I am tuning a gradient boosted classifier using a pipeline and grid search
My pipeline is
pipe = make_pipeline(StandardScaler(with_std=True, with_mean=True), \
RFE(RandomForestClassifier(), n_features_to_select= 15), \
GradientBoostingClassifier(random_state=42, verbose=True))
The parameter gri is:
tuned_parameters = [{'gradientboostingclassifier__max_depth': range(3, 5),\
'gradientboostingclassifier__min_samples_split': range(4,6),\
'gradientboostingclassifier__learning_rate':np.linspace(0.1, 1, 10)}]
The grid search is done as
grid = GridSearchCV(pipe, tuned_parameters, cv=5, scoring='accuracy', refit=True)
grid.fit(X_train, y_train)
After fitting the model in train data, when I check the grid.best_estimator
I can only find the 2 parameters(learning_rate and min_samples_split
)that I am fitting. I don't find the max_depth
parameter in the best estimator.
grid.best_estimator_.named_steps['gradientboostingclassifier'] =
GradientBoostingClassifier(learning_rate=0.9, min_samples_split=5,
random_state=42, verbose=True)
But, if I use the grid.cv_results
to find the best 'mean_test_score
' and find the corresponding parameters for that test score, then I can find the max_depth
in it.
inde = np.where(grid.cv_results_['mean_test_score'] == max(grid.cv_results_['mean_test_score']))

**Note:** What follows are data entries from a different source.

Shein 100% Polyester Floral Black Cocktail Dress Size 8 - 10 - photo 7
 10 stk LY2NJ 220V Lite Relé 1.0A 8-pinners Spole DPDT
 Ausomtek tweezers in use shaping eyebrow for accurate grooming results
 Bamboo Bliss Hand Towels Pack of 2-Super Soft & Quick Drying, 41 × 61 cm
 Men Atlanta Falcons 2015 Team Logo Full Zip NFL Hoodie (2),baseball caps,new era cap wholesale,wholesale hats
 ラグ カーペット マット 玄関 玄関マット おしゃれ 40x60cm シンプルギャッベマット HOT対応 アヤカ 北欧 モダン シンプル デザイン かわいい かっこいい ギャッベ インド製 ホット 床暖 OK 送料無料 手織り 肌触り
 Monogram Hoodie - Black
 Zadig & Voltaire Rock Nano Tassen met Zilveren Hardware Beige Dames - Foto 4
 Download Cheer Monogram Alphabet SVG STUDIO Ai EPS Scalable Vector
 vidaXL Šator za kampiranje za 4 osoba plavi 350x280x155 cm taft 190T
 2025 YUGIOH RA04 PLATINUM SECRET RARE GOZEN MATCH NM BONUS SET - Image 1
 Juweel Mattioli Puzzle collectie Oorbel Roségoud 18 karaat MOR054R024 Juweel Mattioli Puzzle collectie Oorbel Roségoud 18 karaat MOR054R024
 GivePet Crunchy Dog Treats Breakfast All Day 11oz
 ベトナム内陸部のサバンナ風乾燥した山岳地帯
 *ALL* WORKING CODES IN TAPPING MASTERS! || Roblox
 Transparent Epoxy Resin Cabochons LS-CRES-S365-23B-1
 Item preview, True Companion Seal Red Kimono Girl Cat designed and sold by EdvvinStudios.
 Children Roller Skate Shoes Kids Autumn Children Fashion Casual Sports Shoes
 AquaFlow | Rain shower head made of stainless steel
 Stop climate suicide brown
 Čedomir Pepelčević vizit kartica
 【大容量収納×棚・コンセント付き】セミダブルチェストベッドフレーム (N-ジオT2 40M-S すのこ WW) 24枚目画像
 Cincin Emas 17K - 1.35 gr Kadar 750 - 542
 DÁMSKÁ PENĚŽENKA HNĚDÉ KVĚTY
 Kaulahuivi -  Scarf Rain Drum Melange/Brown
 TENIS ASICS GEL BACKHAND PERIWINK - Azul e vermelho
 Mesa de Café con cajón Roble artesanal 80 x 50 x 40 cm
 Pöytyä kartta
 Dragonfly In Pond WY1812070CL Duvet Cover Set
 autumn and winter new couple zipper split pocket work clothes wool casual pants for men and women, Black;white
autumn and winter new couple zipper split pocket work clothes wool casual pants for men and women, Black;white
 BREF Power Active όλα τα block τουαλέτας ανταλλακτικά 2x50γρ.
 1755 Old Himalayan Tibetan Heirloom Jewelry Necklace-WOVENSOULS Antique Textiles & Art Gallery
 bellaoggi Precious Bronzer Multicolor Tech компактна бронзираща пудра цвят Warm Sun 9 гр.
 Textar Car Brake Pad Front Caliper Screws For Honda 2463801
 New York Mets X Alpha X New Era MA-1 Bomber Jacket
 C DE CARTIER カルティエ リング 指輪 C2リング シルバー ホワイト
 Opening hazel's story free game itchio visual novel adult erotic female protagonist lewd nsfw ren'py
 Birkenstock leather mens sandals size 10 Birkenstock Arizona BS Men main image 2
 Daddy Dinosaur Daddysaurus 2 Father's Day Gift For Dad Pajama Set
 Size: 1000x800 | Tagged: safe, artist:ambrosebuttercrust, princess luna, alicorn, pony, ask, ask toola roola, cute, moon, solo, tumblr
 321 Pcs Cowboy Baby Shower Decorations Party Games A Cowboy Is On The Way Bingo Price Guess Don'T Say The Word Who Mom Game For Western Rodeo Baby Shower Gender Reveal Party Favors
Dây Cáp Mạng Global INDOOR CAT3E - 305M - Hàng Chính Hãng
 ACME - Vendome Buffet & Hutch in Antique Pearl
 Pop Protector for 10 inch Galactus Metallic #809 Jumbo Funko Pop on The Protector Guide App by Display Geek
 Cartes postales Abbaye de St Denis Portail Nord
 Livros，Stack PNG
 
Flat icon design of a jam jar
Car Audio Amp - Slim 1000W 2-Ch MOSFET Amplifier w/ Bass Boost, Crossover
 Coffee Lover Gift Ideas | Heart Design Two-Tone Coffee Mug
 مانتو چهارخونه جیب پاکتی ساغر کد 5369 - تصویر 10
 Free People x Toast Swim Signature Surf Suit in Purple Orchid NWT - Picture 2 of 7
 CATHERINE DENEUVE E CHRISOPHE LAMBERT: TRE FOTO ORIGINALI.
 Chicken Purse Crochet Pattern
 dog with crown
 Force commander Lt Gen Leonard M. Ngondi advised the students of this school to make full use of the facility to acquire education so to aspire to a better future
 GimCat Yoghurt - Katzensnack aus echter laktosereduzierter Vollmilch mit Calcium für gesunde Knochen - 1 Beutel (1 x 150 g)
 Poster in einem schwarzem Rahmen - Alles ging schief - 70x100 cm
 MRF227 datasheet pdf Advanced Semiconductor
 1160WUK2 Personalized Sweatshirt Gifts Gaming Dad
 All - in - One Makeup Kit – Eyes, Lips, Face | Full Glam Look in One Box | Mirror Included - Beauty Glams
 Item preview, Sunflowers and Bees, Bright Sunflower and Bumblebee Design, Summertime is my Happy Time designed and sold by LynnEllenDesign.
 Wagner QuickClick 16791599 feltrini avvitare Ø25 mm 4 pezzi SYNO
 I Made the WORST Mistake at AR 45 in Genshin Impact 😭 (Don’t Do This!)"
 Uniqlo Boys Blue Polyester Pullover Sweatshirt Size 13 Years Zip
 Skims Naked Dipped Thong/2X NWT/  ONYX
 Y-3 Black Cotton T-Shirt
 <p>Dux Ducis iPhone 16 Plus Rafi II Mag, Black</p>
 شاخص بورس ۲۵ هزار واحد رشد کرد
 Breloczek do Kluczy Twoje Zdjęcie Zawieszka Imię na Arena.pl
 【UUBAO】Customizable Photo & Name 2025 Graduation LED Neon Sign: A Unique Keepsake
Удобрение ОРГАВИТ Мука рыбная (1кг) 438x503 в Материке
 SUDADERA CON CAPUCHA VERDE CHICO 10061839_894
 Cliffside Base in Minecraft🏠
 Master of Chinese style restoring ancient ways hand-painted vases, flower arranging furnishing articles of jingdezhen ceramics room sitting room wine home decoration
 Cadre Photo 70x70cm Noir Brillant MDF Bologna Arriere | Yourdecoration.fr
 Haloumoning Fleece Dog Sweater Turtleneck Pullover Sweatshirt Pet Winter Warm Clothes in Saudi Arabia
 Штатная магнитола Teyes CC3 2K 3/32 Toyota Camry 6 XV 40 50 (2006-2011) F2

grid.cv_results_['params'][inde[-1][0]]
{'gradientboostingclas...rning_rate': 0.9, 'gradientboostingclas..._max_depth': 3, 'gradientboostingclas...ples_split': 5}
special variables
function variables
'gradientboostingclassifier__learning_rate':0.9
'gradientboostingclassifier__max_depth':3
'gradientboostingclassifier__min_samples_split':5
My doubt now is, if I use the trained pipeline (name of the object is 'grid' in my case) will it still use the 'max_depth
' parameter also or will it not?
Is it then better to use the 'best parameters
' which gave me the best 'mean_test_score
' taken from the grid.cv_results
Your pipeline has been tuned on all three parameters that you specified. It is just that the best value for max_depth
happens to be the default value. When printing the classifier, default values will not be included. Compare the following outputs:
print(GradientBoostingClassifier(max_depth=3)) # default
# output: GradientBoostingClassifier()
print(GradientBoostingClassifier(max_depth=5)) # not default
# output: GradientBoostingClassifier(max_depth=5)
In general, it is best-practice to access the best parameters by the best_params_
attribute of the fitted GridSearchCV
object since this will always include all parameters:
grid.best_params_